CARTA A UM ALGUÉM - I
Terras de Prata
No meu chão há espinhos de prata e frutos de um dourado rubro, em campos a perder de vista, a perder o pé. O campo estende-se - como lençol em cama nubente - em tons de água chovida de um céu cor de anjos. As fragrâncias doces e finas - jóias de artesão - rodopiam em terno e cadenciado turbilhão. No meu chão há pétalas de rubis e diamantes: negros, como noites sem luar. Há risos que sobrevoam, rasantes, os pezinhos das fadas transparentes. No meu chão há a sombra de um alguém.

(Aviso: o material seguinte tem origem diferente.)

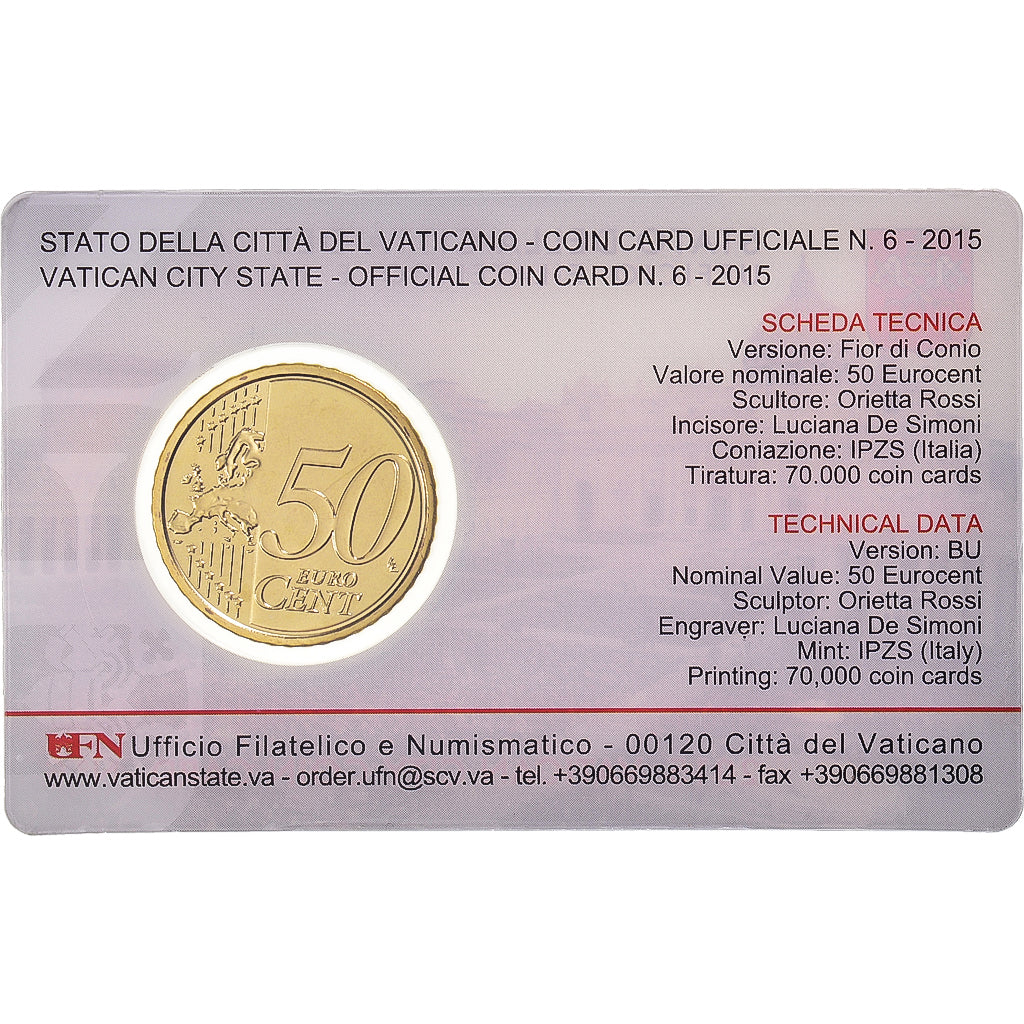 VATICAN CITY, 50 Euro Cent, 2015, Rome, Coin card, MS(65-70), Brass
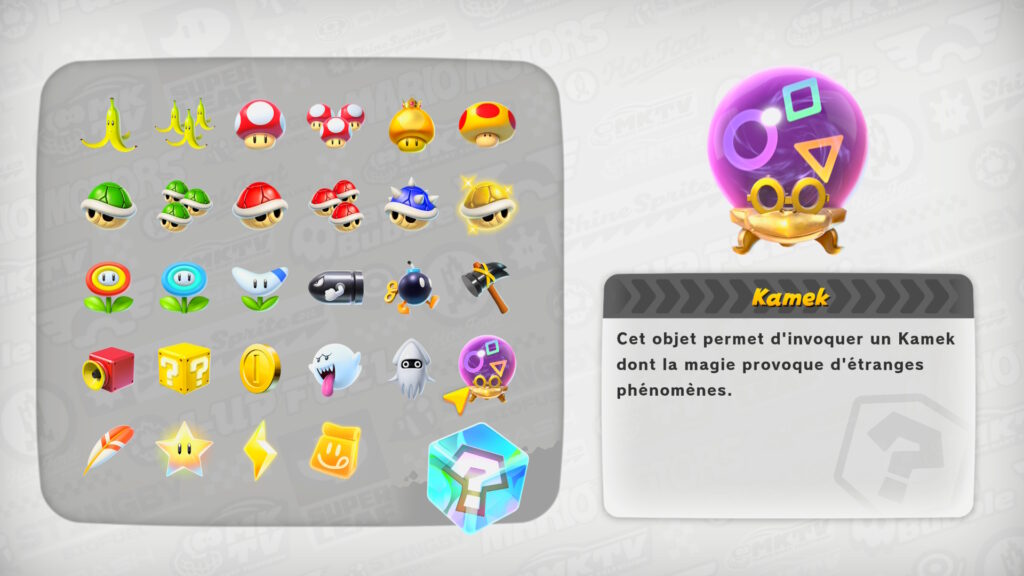 Le pouvoir de Kamek est un des nouveaux objets de Mario Kart World. Le pouvoir de Kamek est un des nouveaux objets de Mario Kart World.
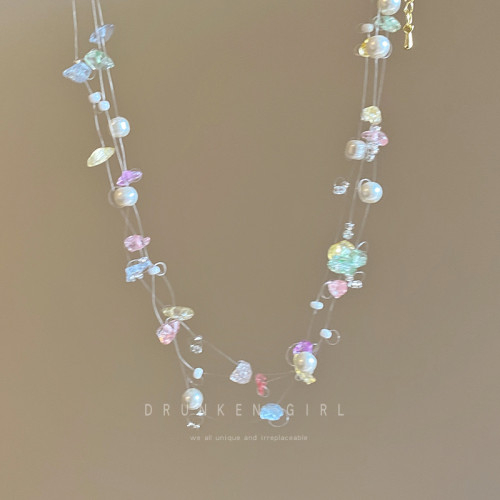 彩色串珠珍珠項鍊女天然石雙層曡戴頸鏈配飾小衆設計高級感鎖骨鍊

A vida arqueja coxeante, dia-a-dia: noite-a-noite, como raposa delapidada, como gaivota arroteada em terras de nunca mais. Tudo cresce, tudo floresce e enrubesce - tudo muda - menos tu: minha sombra de alguém; Tu caminhas comigo - silenciosa -, arroxeada e encastoada de espanto. Onde eu pisar, pisarás tu também. Sento-me à sombra das faias - desdentadas de invernia - e escrevo-te.
Dedilho palavras sobre o papel como se esgravatasse as teclas de um piano. Oh minha sombra de alguém: saberás tu, porventura, o que vulcaneja no meu peito sempre que o teu rumor contrastante se projecta no meu caminho? Saberás tu, quem me dera, as golfadas de amor que reprimo - amordaço -, ao procurar-te neste meu chão de argênteos espinhos? Não - não sabes-, não podes.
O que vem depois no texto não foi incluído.